As of the date of the withdrawal of the UK from the Union, medicinal products manufactured in the UK will be considered imported medicinal products.
The competent authorities of the Union (EEA) shall ensure that the import of medicinal products into their territory is subject to an authorisation in accordance with Article 40(3) of Directive 2001/83/EC and Article 44(3) Of Directive 2001/82/EC. The authorisation is granted when a number of conditions, as defined in Articles 41 and 42 of Directive 2001/83/EC and Articles 45 and 46 of Directive 2001/82/EC, are fulfilled (e.g. availability of a qualified person within the Union (EEA), GMP inspection).

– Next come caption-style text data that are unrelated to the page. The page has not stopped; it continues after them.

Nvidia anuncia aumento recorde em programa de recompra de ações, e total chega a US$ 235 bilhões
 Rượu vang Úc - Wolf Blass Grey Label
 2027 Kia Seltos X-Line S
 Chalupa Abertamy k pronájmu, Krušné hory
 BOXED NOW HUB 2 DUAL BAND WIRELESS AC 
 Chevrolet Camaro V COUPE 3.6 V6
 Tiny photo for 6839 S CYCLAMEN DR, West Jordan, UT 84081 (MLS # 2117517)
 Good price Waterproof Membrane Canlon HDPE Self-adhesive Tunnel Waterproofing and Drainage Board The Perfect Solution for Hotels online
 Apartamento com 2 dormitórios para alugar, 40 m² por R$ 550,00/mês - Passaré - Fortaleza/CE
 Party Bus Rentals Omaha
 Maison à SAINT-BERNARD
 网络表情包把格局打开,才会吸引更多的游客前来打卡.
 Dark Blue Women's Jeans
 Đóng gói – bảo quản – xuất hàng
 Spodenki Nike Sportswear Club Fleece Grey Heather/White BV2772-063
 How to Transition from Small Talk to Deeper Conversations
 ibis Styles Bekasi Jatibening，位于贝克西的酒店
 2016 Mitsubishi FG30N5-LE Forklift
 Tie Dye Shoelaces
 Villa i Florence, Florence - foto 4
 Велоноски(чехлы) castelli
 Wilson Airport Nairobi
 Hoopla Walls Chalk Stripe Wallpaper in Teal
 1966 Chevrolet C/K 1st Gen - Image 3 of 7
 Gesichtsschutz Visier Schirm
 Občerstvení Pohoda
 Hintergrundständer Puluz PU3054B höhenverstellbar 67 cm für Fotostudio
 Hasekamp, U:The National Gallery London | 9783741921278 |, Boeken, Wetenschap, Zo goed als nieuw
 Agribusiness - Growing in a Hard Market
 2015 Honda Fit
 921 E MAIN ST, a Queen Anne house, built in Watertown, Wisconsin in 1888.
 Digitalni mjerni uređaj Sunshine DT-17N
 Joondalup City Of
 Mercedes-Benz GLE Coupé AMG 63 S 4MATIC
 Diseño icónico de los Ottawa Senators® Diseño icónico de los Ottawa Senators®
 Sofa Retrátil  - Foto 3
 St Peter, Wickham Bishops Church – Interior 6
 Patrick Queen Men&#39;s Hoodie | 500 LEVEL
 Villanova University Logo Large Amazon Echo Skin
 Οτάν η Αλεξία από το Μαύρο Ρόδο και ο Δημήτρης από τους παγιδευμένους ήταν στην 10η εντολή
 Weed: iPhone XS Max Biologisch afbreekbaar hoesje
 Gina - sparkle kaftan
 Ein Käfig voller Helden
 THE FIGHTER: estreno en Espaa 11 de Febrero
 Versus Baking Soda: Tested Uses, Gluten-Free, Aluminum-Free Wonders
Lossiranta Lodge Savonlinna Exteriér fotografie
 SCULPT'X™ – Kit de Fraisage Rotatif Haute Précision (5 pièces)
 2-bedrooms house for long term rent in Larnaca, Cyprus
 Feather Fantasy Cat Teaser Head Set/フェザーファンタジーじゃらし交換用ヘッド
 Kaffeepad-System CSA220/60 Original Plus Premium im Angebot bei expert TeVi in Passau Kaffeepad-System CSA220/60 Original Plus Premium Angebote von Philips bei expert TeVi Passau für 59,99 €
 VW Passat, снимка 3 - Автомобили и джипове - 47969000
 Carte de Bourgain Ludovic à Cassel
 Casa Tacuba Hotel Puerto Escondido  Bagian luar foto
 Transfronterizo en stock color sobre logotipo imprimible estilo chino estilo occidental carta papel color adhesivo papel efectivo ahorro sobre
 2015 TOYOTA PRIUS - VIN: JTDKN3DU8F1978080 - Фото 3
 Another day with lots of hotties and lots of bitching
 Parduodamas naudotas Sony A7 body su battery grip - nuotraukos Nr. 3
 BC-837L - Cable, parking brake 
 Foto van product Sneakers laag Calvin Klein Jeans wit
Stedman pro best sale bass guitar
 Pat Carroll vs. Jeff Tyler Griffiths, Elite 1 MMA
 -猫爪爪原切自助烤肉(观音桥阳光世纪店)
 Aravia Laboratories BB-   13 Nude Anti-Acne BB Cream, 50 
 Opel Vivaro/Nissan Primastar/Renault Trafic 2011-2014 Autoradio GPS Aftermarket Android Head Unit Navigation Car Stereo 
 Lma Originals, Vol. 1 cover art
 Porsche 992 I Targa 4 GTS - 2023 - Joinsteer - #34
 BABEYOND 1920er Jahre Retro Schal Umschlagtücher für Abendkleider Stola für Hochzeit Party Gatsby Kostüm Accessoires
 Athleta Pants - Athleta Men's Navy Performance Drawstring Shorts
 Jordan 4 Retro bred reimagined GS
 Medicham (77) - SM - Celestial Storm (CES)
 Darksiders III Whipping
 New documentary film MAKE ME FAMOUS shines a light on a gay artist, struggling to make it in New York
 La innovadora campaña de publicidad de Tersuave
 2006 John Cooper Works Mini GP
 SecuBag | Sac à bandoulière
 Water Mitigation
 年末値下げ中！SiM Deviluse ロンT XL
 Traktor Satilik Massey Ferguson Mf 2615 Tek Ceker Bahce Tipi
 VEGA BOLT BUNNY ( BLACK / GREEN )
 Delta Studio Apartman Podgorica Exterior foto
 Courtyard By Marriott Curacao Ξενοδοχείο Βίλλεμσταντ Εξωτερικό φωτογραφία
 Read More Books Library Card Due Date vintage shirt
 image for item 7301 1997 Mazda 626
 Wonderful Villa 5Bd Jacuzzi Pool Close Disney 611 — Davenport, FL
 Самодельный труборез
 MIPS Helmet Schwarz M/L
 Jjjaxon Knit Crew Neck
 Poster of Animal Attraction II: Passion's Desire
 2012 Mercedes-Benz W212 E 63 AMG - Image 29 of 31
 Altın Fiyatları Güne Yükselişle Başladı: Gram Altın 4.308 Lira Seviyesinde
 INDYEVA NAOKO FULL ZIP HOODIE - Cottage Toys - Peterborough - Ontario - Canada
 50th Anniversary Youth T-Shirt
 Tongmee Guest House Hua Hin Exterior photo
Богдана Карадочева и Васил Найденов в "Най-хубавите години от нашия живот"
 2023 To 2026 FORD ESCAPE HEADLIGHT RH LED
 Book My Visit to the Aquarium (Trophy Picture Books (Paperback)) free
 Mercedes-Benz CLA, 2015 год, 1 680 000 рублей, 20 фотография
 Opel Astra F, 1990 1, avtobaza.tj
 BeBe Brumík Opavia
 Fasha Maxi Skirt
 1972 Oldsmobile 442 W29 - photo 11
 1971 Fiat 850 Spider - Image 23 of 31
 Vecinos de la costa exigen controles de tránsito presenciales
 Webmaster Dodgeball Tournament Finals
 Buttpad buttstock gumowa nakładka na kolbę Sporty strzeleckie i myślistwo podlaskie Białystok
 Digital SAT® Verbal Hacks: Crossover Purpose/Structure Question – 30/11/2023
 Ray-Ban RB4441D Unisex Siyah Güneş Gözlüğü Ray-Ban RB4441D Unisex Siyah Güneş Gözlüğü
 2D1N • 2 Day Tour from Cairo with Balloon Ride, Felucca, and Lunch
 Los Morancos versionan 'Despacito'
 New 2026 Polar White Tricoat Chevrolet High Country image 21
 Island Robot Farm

For centrally authorised medicinal products the marketing authorisation holder will therefore need to specify an authorised importer established in the Union (EEA) and submit the corresponding variation (see Variation Guideline (2013/ C 223/01), classification B.II.b.2).
In addition, in accordance with Article 51(1)(b) of Directive 2001/83 and Article 55(1)(b) of Directive 2001/82 the marketing authorisation holder will need to specify a site of batch control in the Union (EEA) where each production batch can undergo upon importation a full qualitative analysis, a quantitative analysis of at least all the active substances and all the other tests or checks necessary to ensure the quality of medicinal products in accordance with the requirements of the marketing authorisation.
For centrally authorised medicinal products the marketing authorisation holder will need to change the location of its current UK based site of batch control to a location established in the Union (EEA) and submit the corresponding variation (see Variation Guideline (2013/ C 223/01), classification B.II.b.2).
8. What if my batch release site is located in the UK?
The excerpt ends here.